1. The best way to learn is by designing a lot
It can’t get more obvious than this. We could spend all the time in the world learning design theories and hearing people share stories but the best way to learn is by doing a lot of it. What’s even better is being surrounded by designers and non-designers who will provide solid and honest feedback. It’s important to appreciate that feedback and soak it all in as part of the learning process. This is the fastest way to grow as a designer.
2. Work on high fidelity prototypes
If we’re going to conduct tests with actual users, it’s significantly better to work with high fidelity prototypes and make it as real as we can. Testing with close-to-real artifacts yield solid results that are worth the extra minutes spent on creating high fidelity prototypes. When users interact with realistic prototypes, they provide unbiased insights that are actually useful and beneficial for the design and the business.

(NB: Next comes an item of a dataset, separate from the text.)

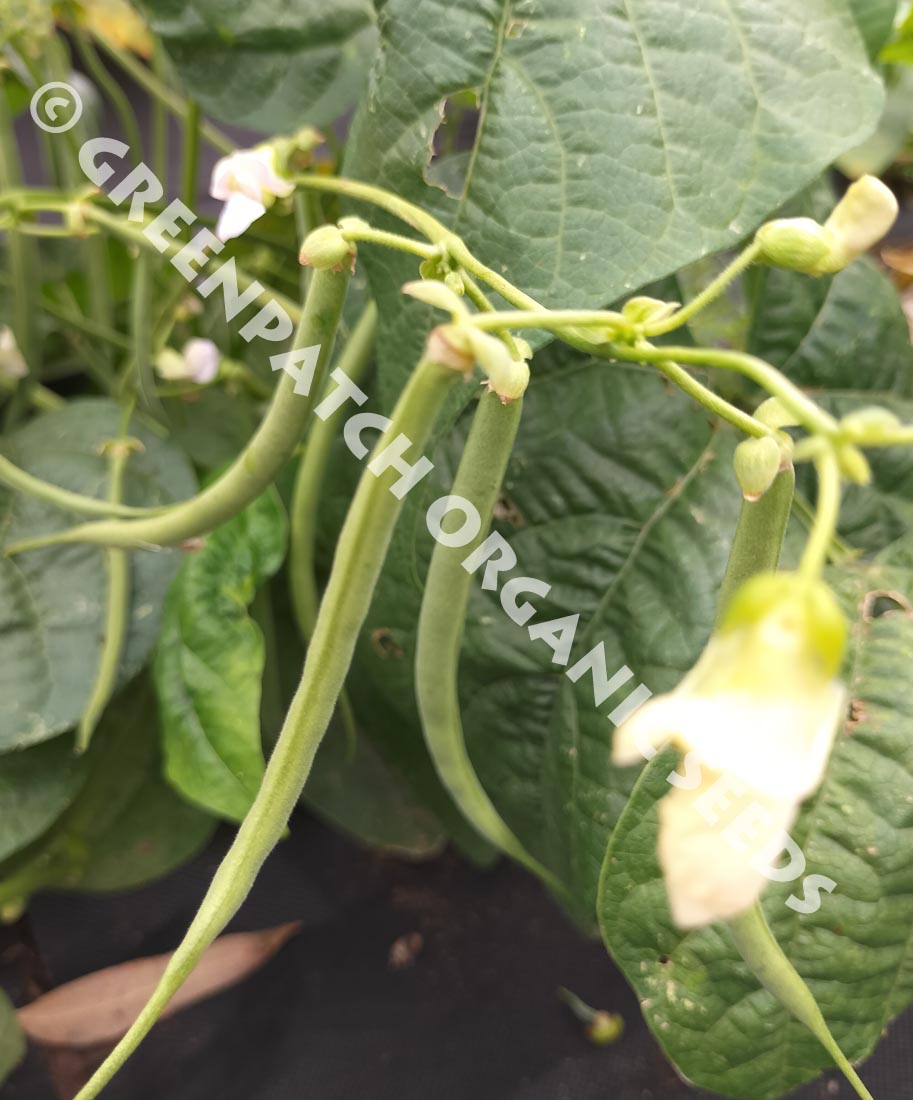 devil seed plant Bean Bush - Devil Fin Precoce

3. Brainstorming is a waste of time
Teams think they are collaborating when they brainstorm but it’s actually an inefficient use of time and limits creativity. At GV, they hold week-long design sprints (heck, they invented sprints!) where each participant comes up with his or her own ideas and then silently vote on their favorites. The emphasis is on silent because good ideas should stand on their own. This method is more efficient because they get a lot of ideas in a short period of time.

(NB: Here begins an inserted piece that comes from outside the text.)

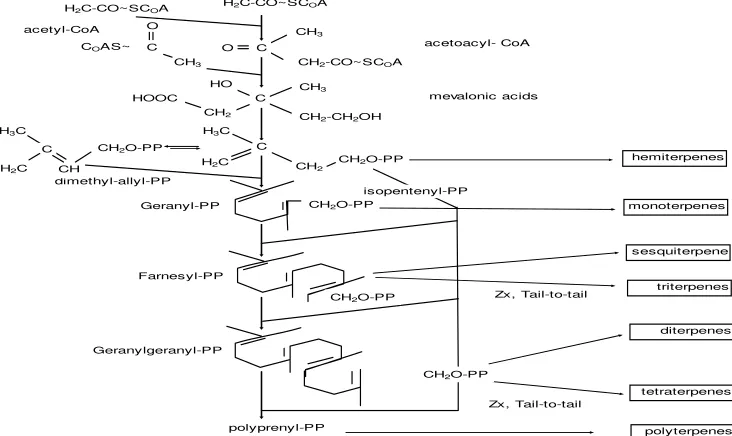 Gambar 2  Biosintesis senyawa terpenoid (Hess 1986)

4. Ask the two most important questions
In order to bridge the gap between design and business, we need to ask two crucial questions: “What do you think of when you think of design?” and “What keeps you up at night?” As designers, our role is to bring people together and foster a sense of unity in the business. It’s also our responsibility to create solutions that add value for both users and the people running the company. Design is that bridge between a company’s vision and the users’ needs.

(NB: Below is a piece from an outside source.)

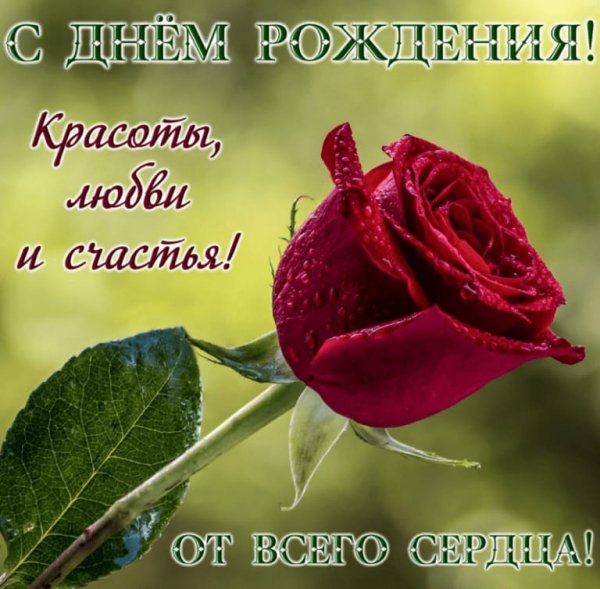 IMG-20210912-WA0000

5. Never have a designer-only sprint
Bringing in non-designers and key decision makers from the company can be a real asset in the design sprint. When GV held a sprint to design the customer experience of ordering coffee from Blue Bottle, they included a customer service representative in that team who was extremely familiar with customers’ struggles. Non-designers bring in expertise that designers lack and adds significant value to the process of solving problems.
6. Prioritize the most important stuff
At GV, they invest in hundreds of companies, with 40% going into the life sciences, and work with them to break into new markets and create amazing products for their users. 5-day sprints are held so that teams can really prioritize the most important stuff. Sometimes, designers sweat the small stuff like typography and colors but the time constraints of a sprint helps them figure out what they need to focus on and work on those tasks.
7. Research is a secret weapon
There is a reason why design-centered companies do well. What’s their secret weapon? User research. Research is so fundamental to design. It’s the ultimate method of testing assumptions without investing massive amounts of time, energy and funds. It also allows designers to validate and solve big problems in a short amount of time with minimized risk. I love research-driven design and am a huge advocate for investing in it.
8. Be a generalist and do it all
“I’m a generalist. A proud one. I can’t believe the amount of people out there who give out terrible advice on finding a specialty. Fuck that shit!” Those aren’t the exact words but you get it. I’ve received that advice before too and I hate it. If I have the capability, I want to learn and do it all. Design should be empowering, not limiting. We’re responsible for solving huge problems and can only do so by expanding our own toolkit.
I’ve been to many events but I find that candid Q&A sessions are the best. It’s always refreshing to hear industry leaders speak so passionately about design. That passion and enthusiasm was definitely contagious because I walked away feeling extremely inspired to start my own projects. I love that GV has perfected the way they design. It shows they truly care about solving problems for the companies they invest in and that design is a serious priority for them. I’m going to pick up my copy of the Sprint book now!